(TASK REQUIREMENTS) Down to the last line, transcribe the records verbatim and exclude the images.

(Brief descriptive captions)
────────────────
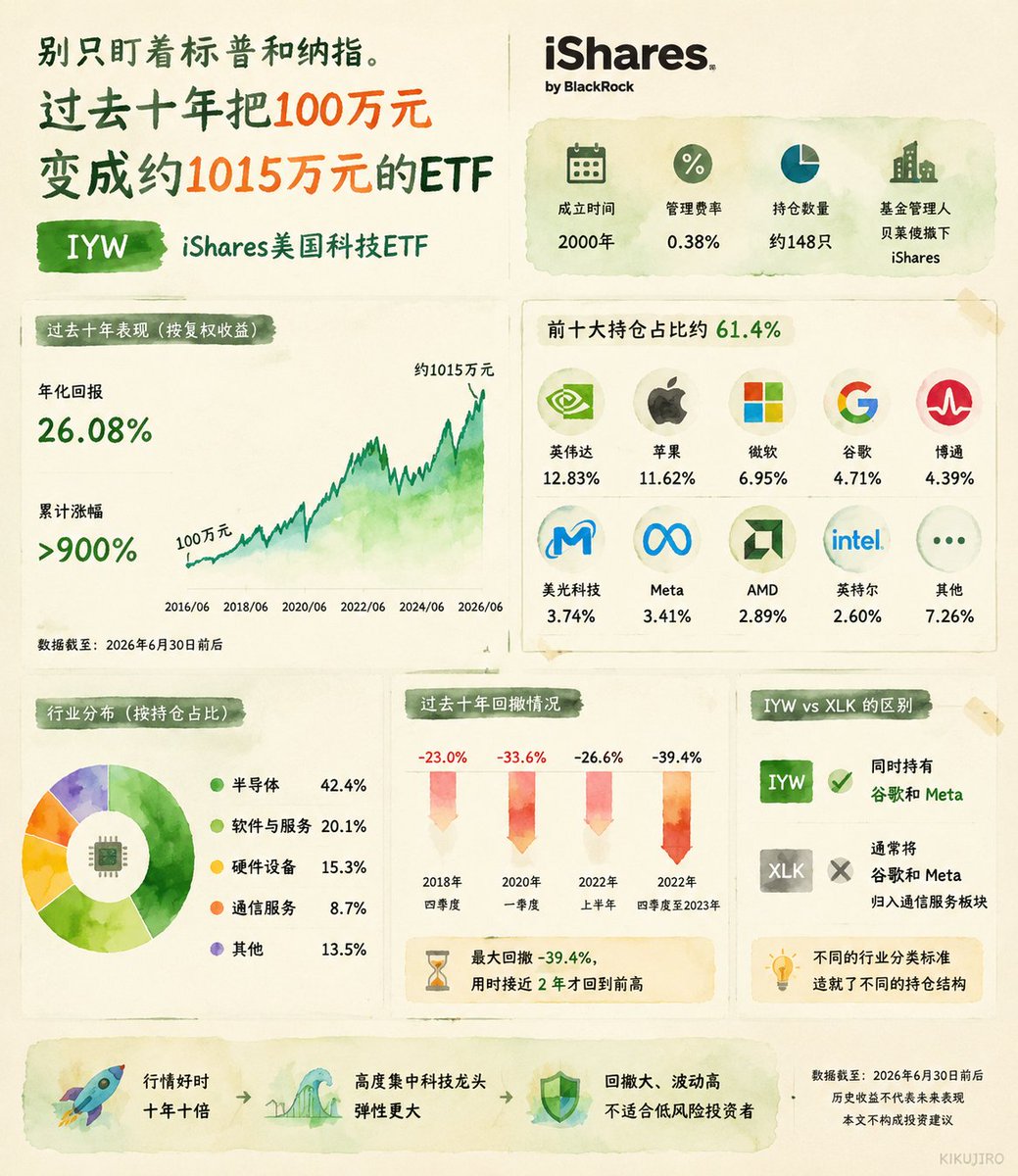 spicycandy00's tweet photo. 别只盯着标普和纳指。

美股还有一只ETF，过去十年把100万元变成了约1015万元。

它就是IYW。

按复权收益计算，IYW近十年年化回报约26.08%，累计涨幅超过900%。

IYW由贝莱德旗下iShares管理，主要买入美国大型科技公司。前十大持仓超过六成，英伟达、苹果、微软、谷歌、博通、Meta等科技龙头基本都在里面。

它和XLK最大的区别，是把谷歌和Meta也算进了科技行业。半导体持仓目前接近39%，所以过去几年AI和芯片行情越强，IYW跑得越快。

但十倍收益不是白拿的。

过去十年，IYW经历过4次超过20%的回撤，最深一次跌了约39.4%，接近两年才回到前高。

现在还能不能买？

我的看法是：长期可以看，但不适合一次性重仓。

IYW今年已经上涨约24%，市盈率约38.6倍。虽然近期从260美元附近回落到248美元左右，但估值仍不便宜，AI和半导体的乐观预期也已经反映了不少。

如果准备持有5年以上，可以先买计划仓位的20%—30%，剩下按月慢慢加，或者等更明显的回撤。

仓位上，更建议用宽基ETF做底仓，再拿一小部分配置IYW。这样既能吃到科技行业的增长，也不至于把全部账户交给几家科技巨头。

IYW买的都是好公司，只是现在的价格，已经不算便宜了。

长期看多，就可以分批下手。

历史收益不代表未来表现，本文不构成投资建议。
────────────────
(FINISHED TASK)
 spicycandy00's tweet photo. 别只盯着标普和纳指。

美股还有一只ETF，过去十年把100万元变成了约1015万元。

它就是IYW。

按复权收益计算，IYW近十年年化回报约26.08%，累计涨幅超过900%。

IYW由贝莱德旗下iShares管理，主要买入美国大型科技公司。前十大持仓超过六成，英伟达、苹果、微软、谷歌、博通、Meta等科技龙头基本都在里面。

它和XLK最大的区别，是把谷歌和Meta也算进了科技行业。半导体持仓目前接近39%，所以过去几年AI和芯片行情越强，IYW跑得越快。

但十倍收益不是白拿的。

过去十年，IYW经历过4次超过20%的回撤，最深一次跌了约39.4%，接近两年才回到前高。

现在还能不能买？

我的看法是：长期可以看，但不适合一次性重仓。

IYW今年已经上涨约24%，市盈率约38.6倍。虽然近期从260美元附近回落到248美元左右，但估值仍不便宜，AI和半导体的乐观预期也已经反映了不少。

如果准备持有5年以上，可以先买计划仓位的20%—30%，剩下按月慢慢加，或者等更明显的回撤。

仓位上，更建议用宽基ETF做底仓，再拿一小部分配置IYW。这样既能吃到科技行业的增长，也不至于把全部账户交给几家科技巨头。

IYW买的都是好公司，只是现在的价格，已经不算便宜了。

长期看多，就可以分批下手。

历史收益不代表未来表现，本文不构成投资建议。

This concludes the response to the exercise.